Pierre Delaveau, trente ans, a repris cette saison la barre d’O’Abandonado, transmise par Luc Archambeault, le sauveur de ce galeão du Portugal, célèbre sur la côte atlantique. Lancé en 1916 à Setúbal, au Portugal, pour la société Mesquita, le voilier a changé plusieurs fois de mains pendant sa vie de travail entre pêche au thon et cabotage, notamment pour le transport de sel, de bois ou d’huile d’olive. En 1968, il est volontairement coulé par son patron dans un bras du Rio Sado, le transport routier ayant supplanté le bornage maritime.

Le bateau est découvert en 1982 par Luc Archambeault qui, après avoir vérifié que les parties immergées dans la vase étaient saines, décide de le renflouer et de le restaurer au chantier Manel Viana de Setúbal. Après quatre ans de travaux, le bateau reprend la mer pour venir à Noirmoutier et aux fêtes de Douarnenez 86. Jusqu’en 1990, il navigue sur les côtes portugaises avec ses nouveaux propriétaires qui organisent des croisières vers l’Espagne et le Maroc. Depuis 1991, Isabel et Luc Archambeault proposaient des balades en mer, avec découverte de la manœuvre d’un bateau traditionnel, au départ de l’île de Noirmoutier.
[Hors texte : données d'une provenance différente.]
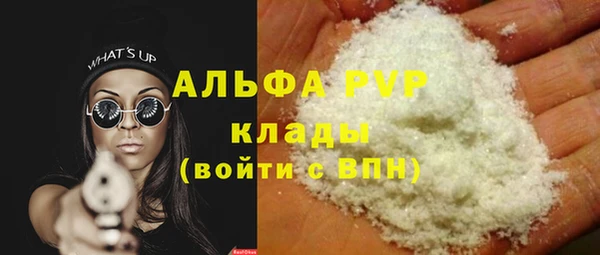 бутират Медвежьегорск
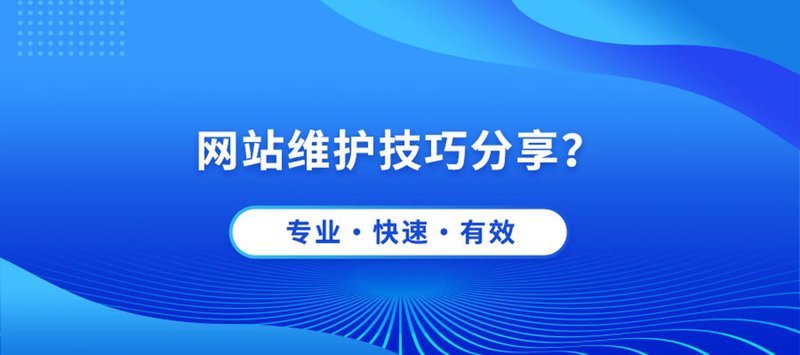 网页制作行业动态：拥抱新技术，开拓新领域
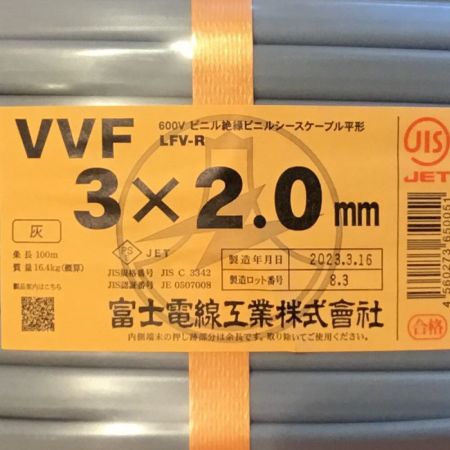  富士電線工業(FUJI ELECTRIC WIRE) VVFケーブル 3×2.0mm 未使用品 ④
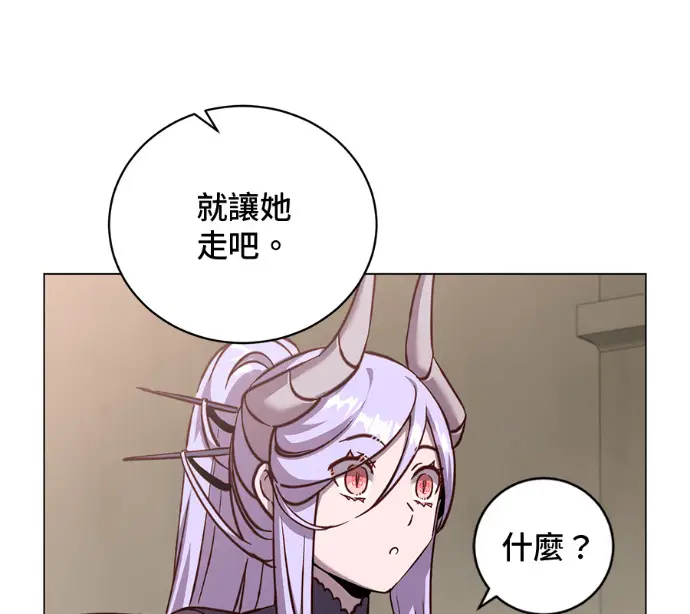 《顶级英雄归来》第226话图17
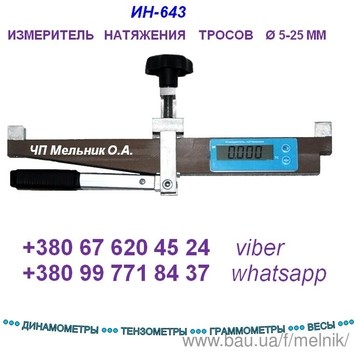 Динамометр накладної (вимірник натягу троса ІН-643):: Динамометр накладної (вимірник натягу троса ІН-643)::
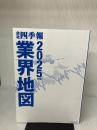 【※カバー無し】「会社四季報」業界地図 2025年版 東洋経済新報社 東洋経済新報社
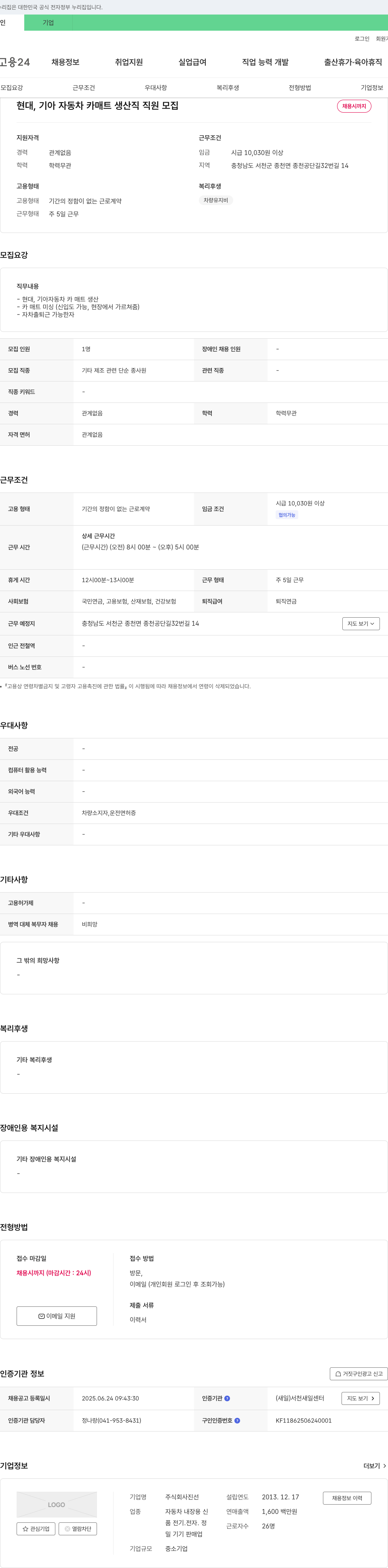 진선 현대, 기아 자동차 카 매트 생산직 직원 모집 채용공고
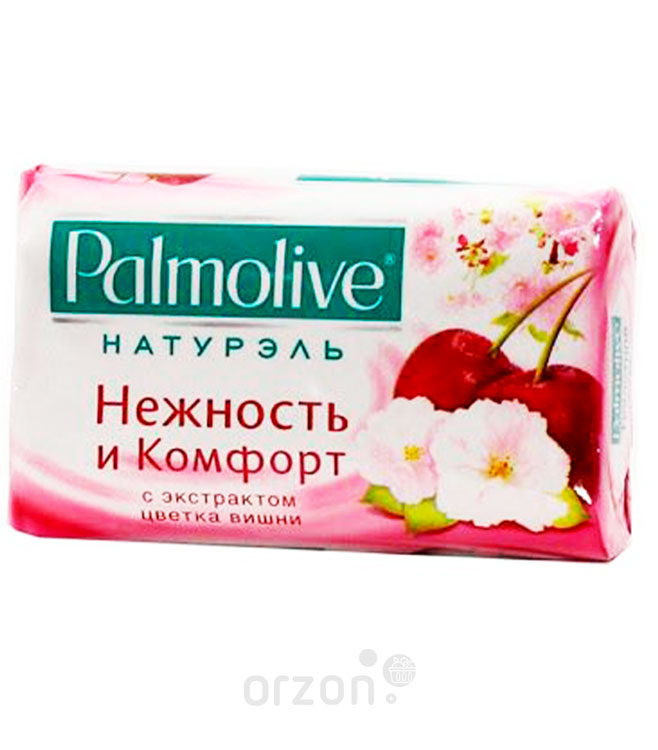 Мыло "PALMOLIVE" Вишня 90 гр от интернет магазина Orzon.uz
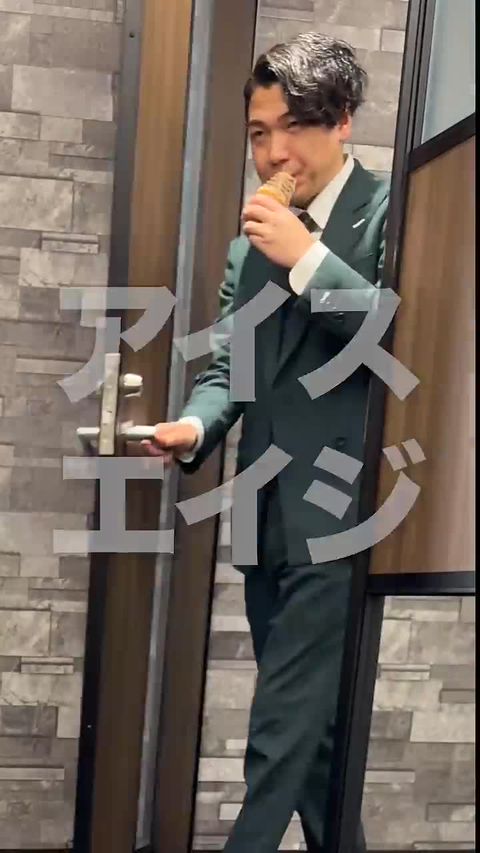 けーさんとたろー | LINE Official Account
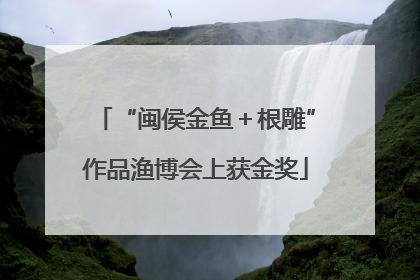 “闽侯金鱼＋根雕”作品渔博会上获金奖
L’âge venant, il fallait envisager de passer la main. Pierre Delaveau, alors matelot à la Brittany Ferries, a vu l’annonce de la vente d’O’Abandonado et contacté Luc. Quelques mois plus tard, il s’installait à l’Herbaudière avec sa femme et ses quatre enfants et devenait propriétaire du bateau en mars 2019. Il a fait la saison suivante comme matelot auprès de Luc et, cette année, les deux hommes ont inversé les rôles, ce qui permet à Pierre de continuer à s’imprégner en douceur de l’histoire du bateau et à Luc ne pas lâcher brutalement la grande affaire de sa vie.

Un passage de relais idéal, même si la saison 2020 a été un peu compliquée. Pour rentabiliser sa jeune société, Pierre assure deux sorties de deux à quatre heures par jour et le vendredi, ça peut aller jusqu’à quatre : « Faut envoyer de la toile ! » Cette formule permet de compenser les pertes des premières semaines, dues au confinement, mais aussi de rentrer à la maison chaque soir pour profiter de sa vie de famille. Plus tard, Pierre, qui déborde d’énergie et dit « avoir quinze projets par seconde », aimerait organiser une à deux croisières plus longues, en juin et septembre, pour profiter vraiment du plaisir de naviguer sur cette belle unité qui connaît décidément une heureuse fortune.